UKCISA’s Brexit guidance and the UK government’s Get Ready for Brexit site are excellent sources of further information for students who may be affected by Brexit.
Coming to the UK
Immigration rules for students coming to the UK depend on the start date of their course. Students registered at St Mary’s by December 2020 who are nationals of an EU member state or Iceland, Norway, Liechtenstein or Switzerland are advised to apply for settled status as soon as possible. This includes students beginning their studies at St Mary’s in September 2020. Please see the official guidance on applying for settled or pre-settled status for details.
If you are an Irish citizen, or if you already have indefinite leave to remain in the UK, then you do not need to apply for settled status.
The situation for students beginning their studies from January 2021 onwards will depend on the immigration system operating at the time. Please check UKCISA’s guidance for updates.
EU nationals beginning their studies in England in the 2020/21 academic year will be eligible for home fee status, just as they are under current rules. There has not yet been a decision on fee arrangements for EU nationals beginning a course from September 2021 onwards. UKCISA’s guidance on home fee status eligibility is a very useful source of information on this issue.
EU nationals who begin a university course in England in the 2020/21 academic year will remain eligible to receive loans from Student Finance England, just as they are under current rules.
There has not yet been a decision on student loan arrangements for EU nationals starting degrees in England from 2021/22 onwards. UKCISA has published full guidance about access to student finance, which will be updated as more information is available.
Access to healthcare
UKCISA has published guidance for EU, EEA and Swiss nationals about how Brexit may impact on access to healthcare in the UK.
International students from outside the EU, EEA and Switzerland
Immigration rules for students who currently need a Tier 4 or short-term study visa to study in the UK are not expected to change, so if you’re in one of these categories, Brexit shouldn’t affect you. Please email firstname.lastname@example.org if you have questions about your Tier 4 visa.

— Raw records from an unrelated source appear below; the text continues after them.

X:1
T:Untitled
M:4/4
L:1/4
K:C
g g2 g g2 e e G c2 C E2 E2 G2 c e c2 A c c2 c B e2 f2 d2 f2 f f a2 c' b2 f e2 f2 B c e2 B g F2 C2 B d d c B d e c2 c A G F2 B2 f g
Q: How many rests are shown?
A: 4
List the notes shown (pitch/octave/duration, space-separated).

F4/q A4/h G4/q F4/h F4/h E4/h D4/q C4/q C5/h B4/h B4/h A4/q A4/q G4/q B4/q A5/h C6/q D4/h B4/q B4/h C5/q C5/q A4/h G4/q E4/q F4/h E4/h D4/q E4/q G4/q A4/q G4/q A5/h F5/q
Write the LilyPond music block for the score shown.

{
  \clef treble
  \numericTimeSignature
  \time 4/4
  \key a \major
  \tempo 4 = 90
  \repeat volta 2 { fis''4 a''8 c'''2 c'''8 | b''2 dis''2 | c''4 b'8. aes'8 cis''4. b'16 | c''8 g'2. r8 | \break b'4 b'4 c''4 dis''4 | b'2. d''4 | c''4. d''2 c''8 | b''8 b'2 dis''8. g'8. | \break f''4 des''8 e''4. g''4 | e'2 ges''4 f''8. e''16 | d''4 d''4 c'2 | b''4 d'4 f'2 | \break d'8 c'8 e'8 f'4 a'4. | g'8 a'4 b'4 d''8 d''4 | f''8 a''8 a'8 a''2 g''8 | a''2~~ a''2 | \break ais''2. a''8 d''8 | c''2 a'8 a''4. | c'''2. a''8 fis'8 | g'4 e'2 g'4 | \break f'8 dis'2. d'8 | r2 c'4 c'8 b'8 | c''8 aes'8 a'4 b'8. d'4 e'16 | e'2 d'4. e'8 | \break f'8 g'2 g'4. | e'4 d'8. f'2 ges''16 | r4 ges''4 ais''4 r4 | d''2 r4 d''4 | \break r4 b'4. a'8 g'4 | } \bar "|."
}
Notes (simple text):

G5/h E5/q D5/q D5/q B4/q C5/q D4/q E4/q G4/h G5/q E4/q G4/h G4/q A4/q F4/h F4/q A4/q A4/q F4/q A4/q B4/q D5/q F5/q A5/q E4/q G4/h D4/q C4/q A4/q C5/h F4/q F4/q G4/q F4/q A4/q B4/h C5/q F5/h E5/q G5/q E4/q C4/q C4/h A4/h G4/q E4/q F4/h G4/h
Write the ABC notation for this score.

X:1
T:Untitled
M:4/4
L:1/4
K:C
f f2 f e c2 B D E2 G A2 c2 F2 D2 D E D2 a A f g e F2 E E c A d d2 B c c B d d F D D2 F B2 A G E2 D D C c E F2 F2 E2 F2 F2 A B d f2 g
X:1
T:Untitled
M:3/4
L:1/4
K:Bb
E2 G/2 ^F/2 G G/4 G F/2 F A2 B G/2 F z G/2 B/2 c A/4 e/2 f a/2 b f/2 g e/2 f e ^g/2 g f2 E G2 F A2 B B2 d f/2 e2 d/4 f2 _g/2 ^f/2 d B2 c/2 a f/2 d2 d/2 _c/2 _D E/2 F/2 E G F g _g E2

The UK’s participation in the Erasmus+ programme may change in different ways depending on how the UK leaves the EU. This is being negotiated during the withdrawal process and more clarity should emerge before the end of 2020.
Travelling during Brexit
UK citizens planning to travel should keep an eye on the government’s latest guidance on visiting Europe after Brexit. All travellers should plan for a certain amount of disruption for the first few weeks after the UK’s exit date, especially if the UK leaves the EU without a deal.
Please allow plenty of extra time when travelling in or out of the UK and check the government’s foreign travel advice before finalising travel plans.
Please note: this content is correct at the time of writing 23rd January 2020.